Encoder-decoder vs decoder only transformer models
Modern state-of-the-art Transformer models are based on the decoder-only architecture. However, I was initially confused by the name “encoder”, which to me alludes to encoding the words into numbers. This is actually the role of the embedding layer.
So, what are the differences between an encoder-deconder and decoder-only transformer model?
High-level comparison
| Aspect | Encoder-Decoder Transformers | Decoder-Only Models |
|---|---|---|
| Architecture | Separate encoder and decoder | Single stack of decoder layers |
| Components | Encoder, Decoder | Decoder only |
| Input Processing | Encoder processes entire input at once | Sequential, one token at a time |
| Typical Use Cases | Translation, Summarization, Q&A | Text generation, Autocomplete, Conversational AI |
| Attention Mechanism | Self-attention + Cross-attention | Self-attention with causal masking |
| Parallelization | Encoder: Parallel Decoder: Sequential | Inherently sequential |
| Directionality | Encoder: Bidirectional Decoder: Unidirectional | Unidirectional |
| Training Objective | Sequence-to-sequence tasks | Next-token prediction |
| Model Size | Generally larger | Often more compact |
| Flexibility | Better for distinct input/output sequences | Simpler for open-ended generation |
| Examples | BERT+GPT hybrid, T5, BART | GPT series, BLOOM, LLaMA |
The main difference is that encoder-decoder models distinguish the input processed by the encoder and the tokens generated by the decoder, whereas in decoder-only models, there is no distinction between input and output tokens; they are treated as the same type of tokens to predict the next token.
This is simpler, and it has worked better in practice as well, which is why it’s the most common modern approach for LLMs such as GPT or LLaMA.
1. Traditional Encoder-Decoder Model:
- Separate Input and Output Sequences:
- The encoder processes an input sequence (e.g., a sentence in one language) and creates a contextual representation of that sequence.
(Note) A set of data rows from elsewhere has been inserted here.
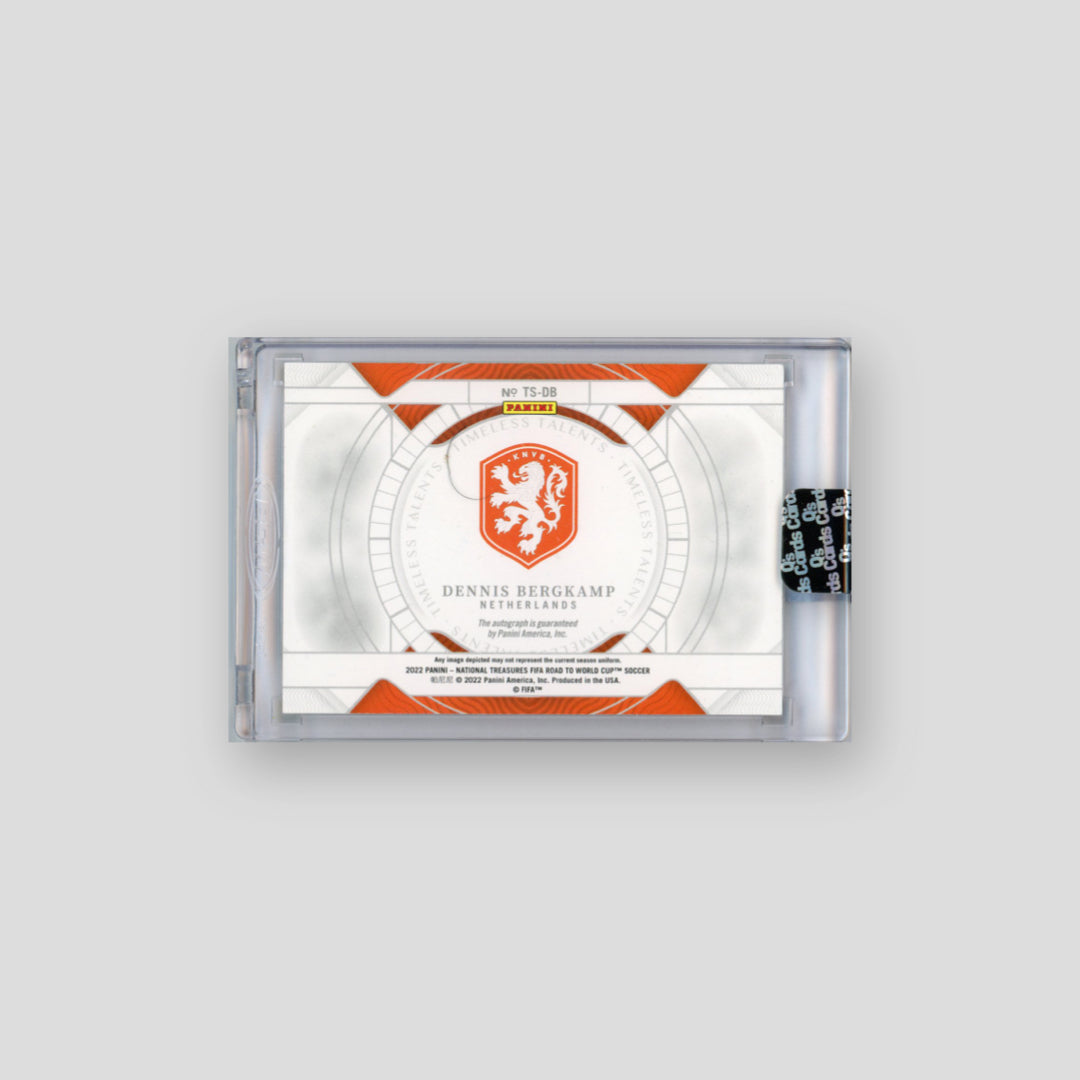 2022 Panini National Treasures Dennis Bergkamp Auto /99 #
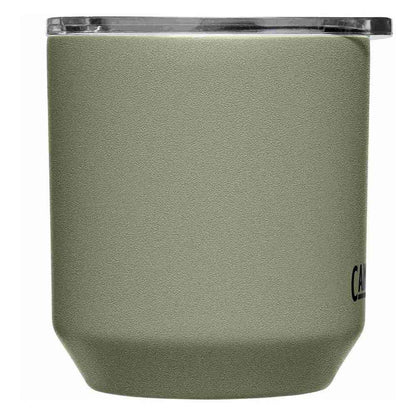 CamelBak Horizon - Vaso de 10 onzas para rocas, vaso de cóctel, acero inoxidable aislado, tapa de tres modos, musgo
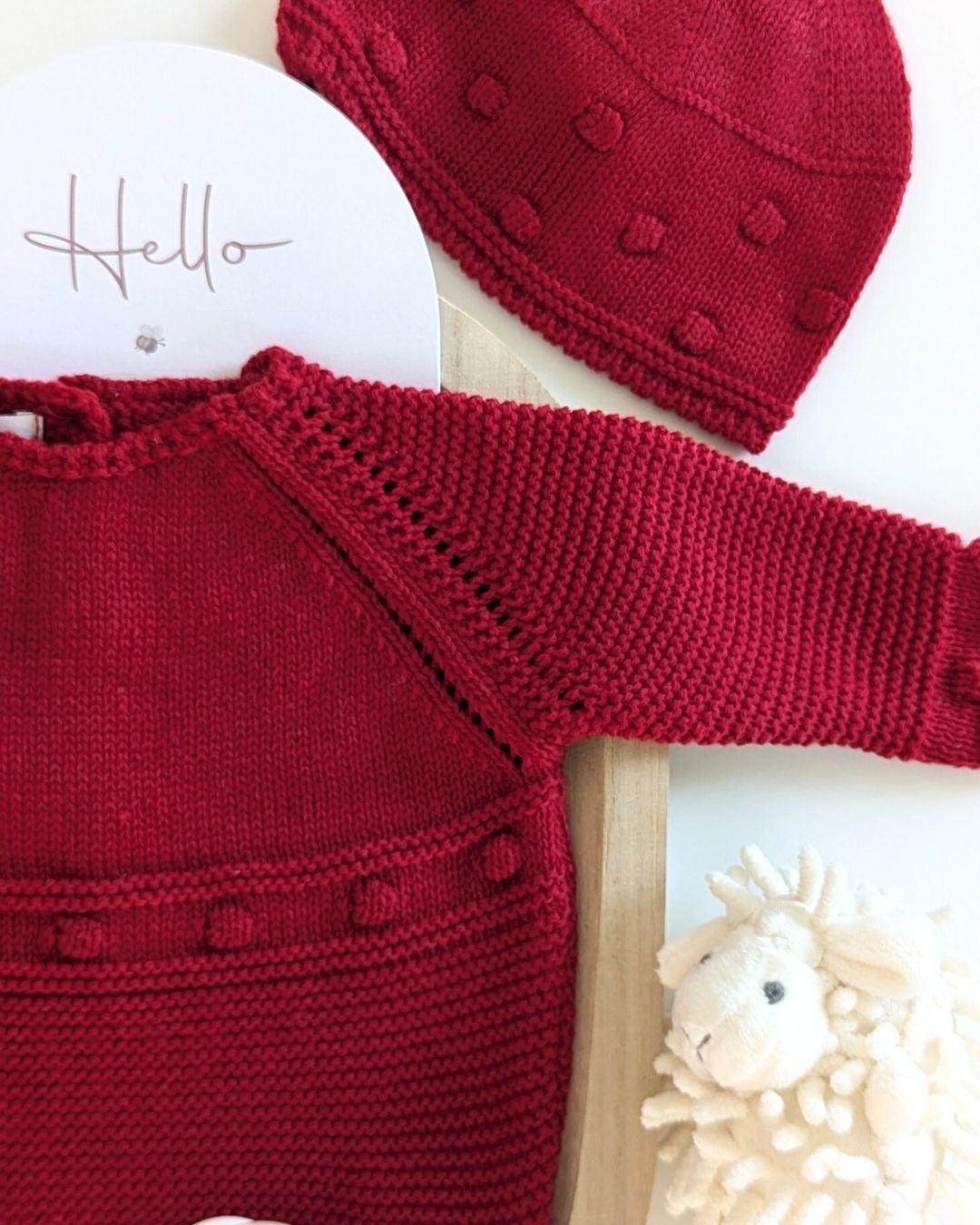 Pelele Punto Con Capota Rojo - Micolino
- The decoder then uses this contextual information from the encoder (via cross-attention) along with the tokens it has already generated to produce the next token in the output sequence (e.g., a sentence in another language).
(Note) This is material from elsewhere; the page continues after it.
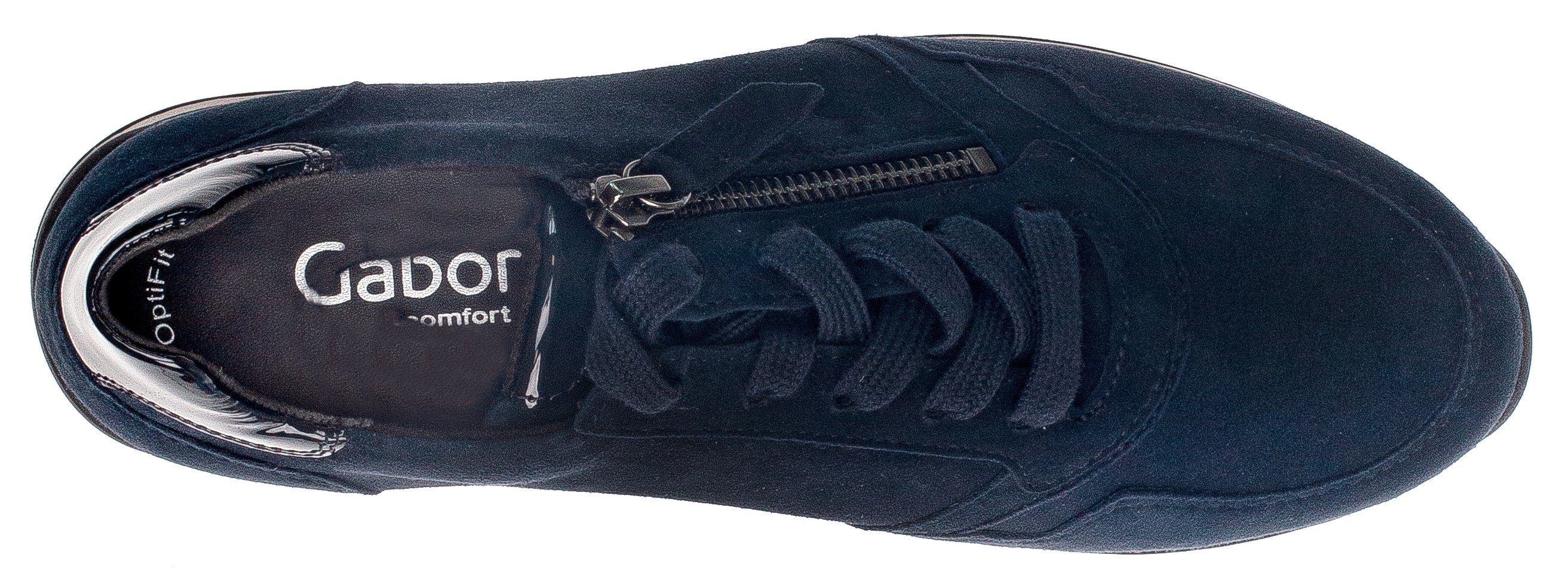 Gabor Sneakers met sleehak Turijn met gepolsterde schacht, h-breedte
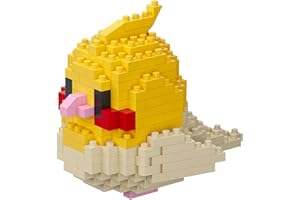 NOOLY Perroquet Kit de Briques de Construction Micro Ensemble de Blocs de Construction en Forme D'oiseau Décoration pour la Maison et Le Bureau WKLJM-01 237 Pièces (Jaune)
- There is a clear distinction between the input sequence (handled by the encoder) and the output sequence (generated by the decoder).
2. Decoder-Only Model:
- Single Sequence Processing:
- In a decoder-only model, there is no separate encoder to process an initial input. Instead, the model receives a single sequence, which could be a prompt or the beginning of a sentence.
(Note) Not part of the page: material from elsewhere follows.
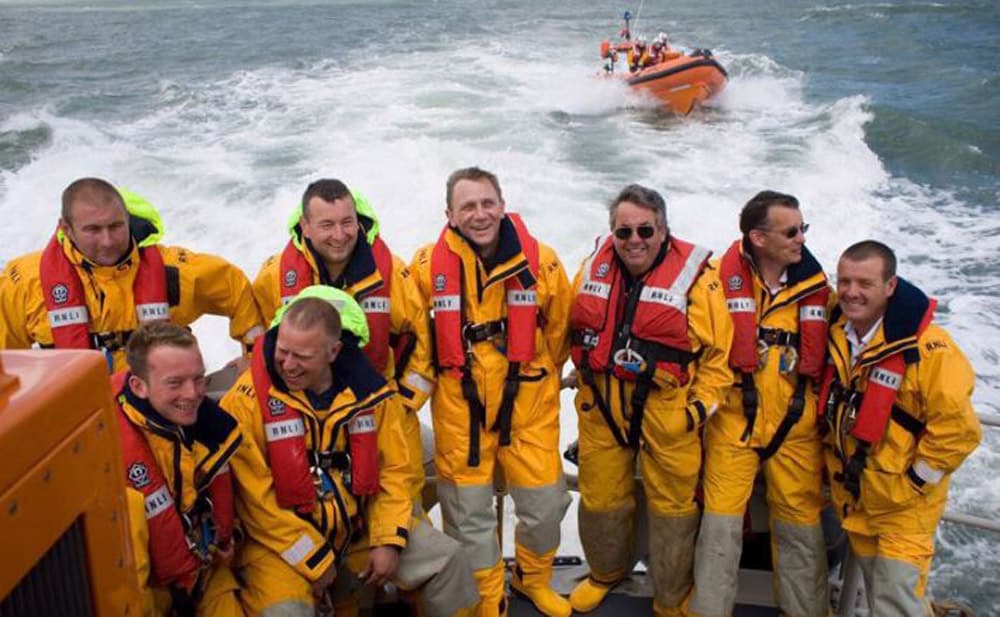Daniel Craig with Ramsgate RNLI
- The model uses self-attention to process this sequence and predict the next token. After generating a token, it appends this token to the sequence and then processes the updated sequence to predict the next token.
- No Distinction Between Input and Generated Tokens: The model treats the entire sequence (including both the initial prompt and the tokens it has generated so far) as a single input. It doesn’t distinguish between tokens that were part of the original input and those it has generated during the process.